Walking on My Hands
September 24, 2010 § 13 Comments
It’s nine pm and the boys are asleep. Oliver (almost 5) has taken off his pajama top and is snuggling both his NY Mets teddy bear and his stuffed baby cheetah, gripping them tightly while his eyelids flutter at his dreams. Gus (21 months) is splayed out in his crib, his curls sweetly sticking to his head. He has no need for stuffed animals. If we would allow it, he would sleep with only his soccer ball.
I sneak down to the basement playroom under the guise of cleaning up LEGOs and Thomas trains, the abandoned game of Trouble, the blocks that were alternatively a tower, a bridge, a hardware store. And I do start to clean up. I clear out a small patch of space by the wall without bookshelves before I can resist no longer. Until I give in and place my palms on the floor and line my feet into a tight downward dog. I move my right foot just a bit closer to my hands and kick up with my left. There is a brief instant before my toes find the wall. A tiny moment in which I am weightless. A miniscule period of mastery, a sliver of time where I am walking on my hands.
Before we moved this last time, I used to dread doing handstands in yoga class. The moment my instructor told us to drag our mats to the wall, I felt a rock fall to the bottom of my stomach. I couldn’t do it. I wouldn’t. My flabby, two-baby stomach would be on display for the entire world to laugh at. My ankles would bash too loudly into the wall. I would fall. I would break my neck. I would be found out for the failure I knew myself to be.
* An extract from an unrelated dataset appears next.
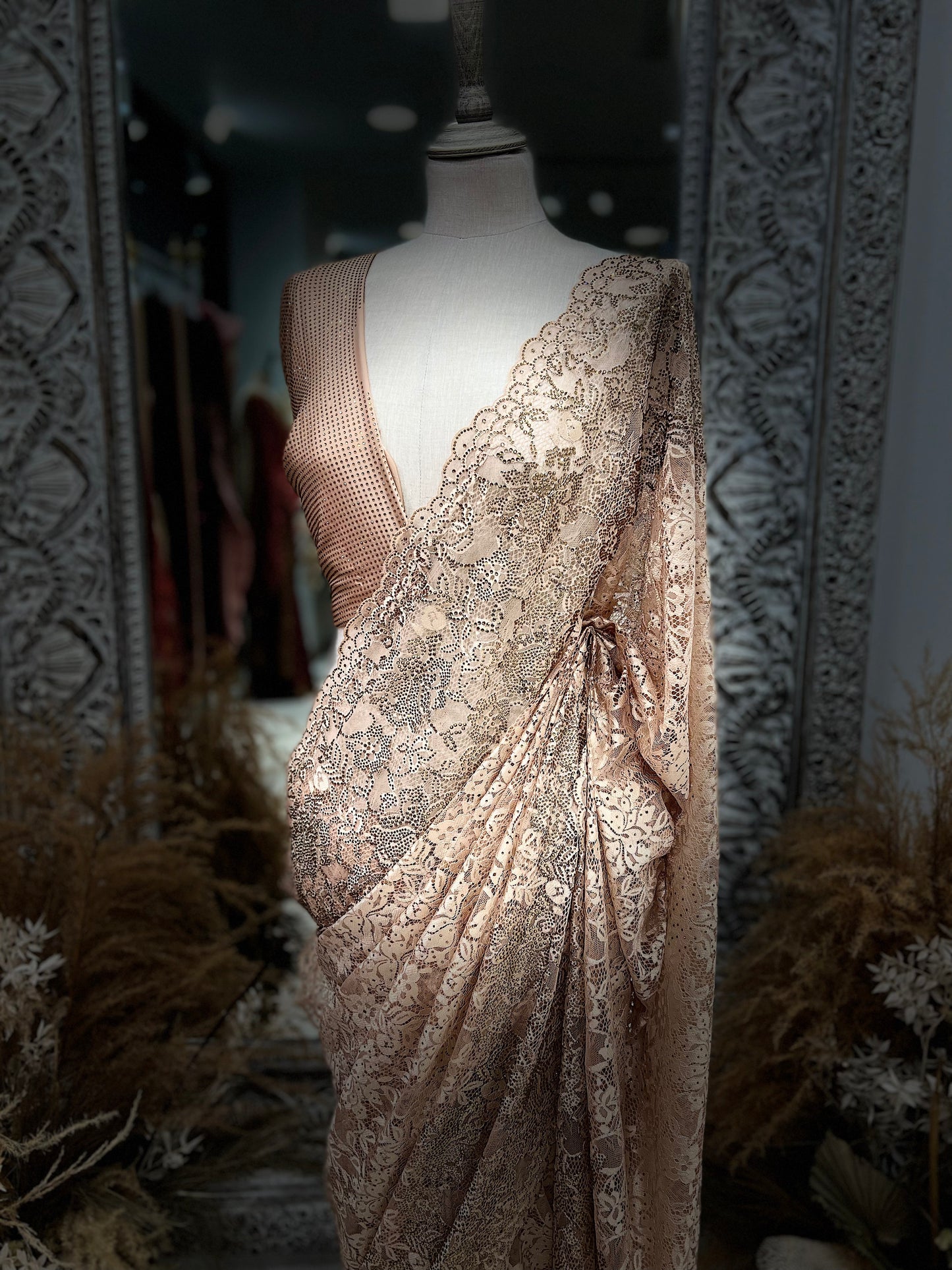 Signature Chantilly Lace & Diamante Sari W/Petticoat NC015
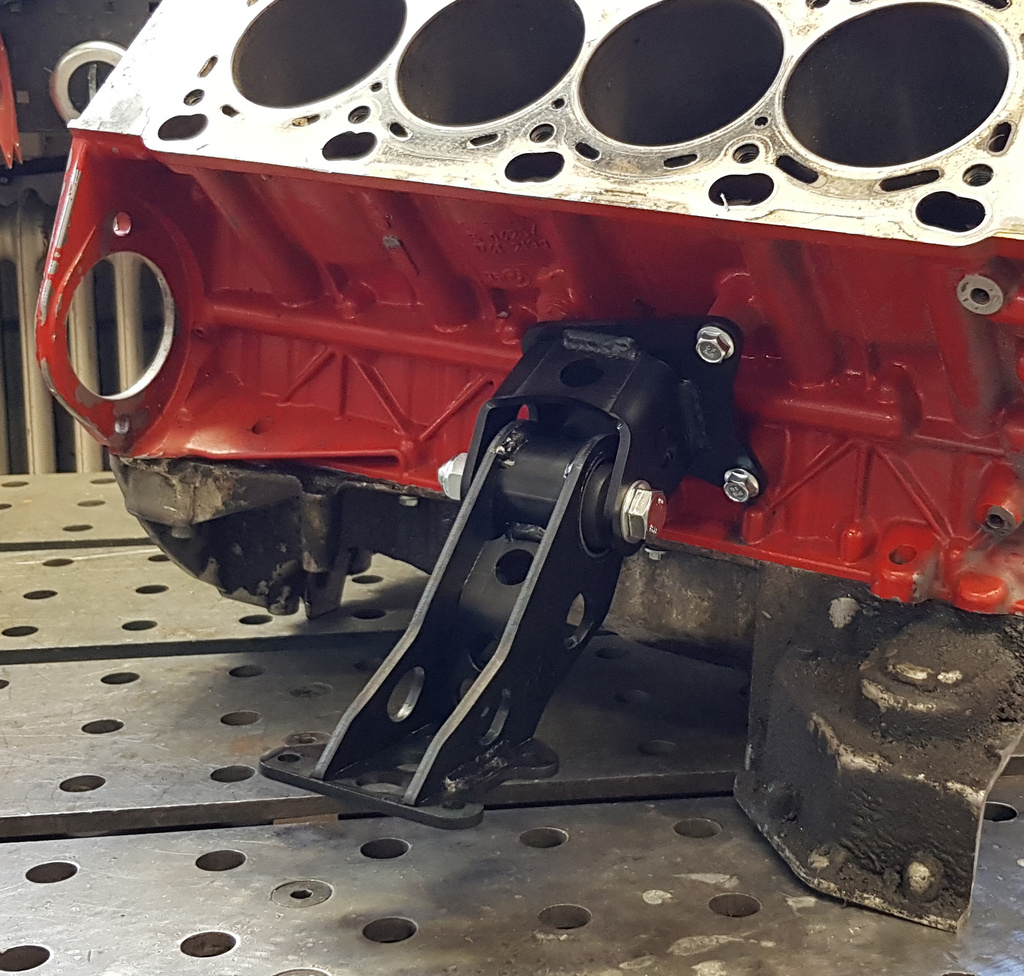 Motormontage Volvo 7/900 - BMW M60 / M62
Then, last January, three days before my birthday, my husband took me out for sushi and told me that we were going to be moving to Washington, D.C. in April. We had been in Ventura for almost two years. Two blissful years of living in a tiny strip of paradise, perfectly poised between the rugged Topa Topa Mountains and the gentle crashing of the Pacific Ocean. I ran on the beach, skirting the waves before the sun came up and then later, took my son to a lovely preschool founded by J. Krishnamurti and nestled into a sacred bowl of mountains. I knew we were going to leave Ventura eventually but I didn’t think it would be so soon. I wasn’t ready yet to leave the west coast, my beautiful friends, my yoga studio with walls the color of robins’ eggs.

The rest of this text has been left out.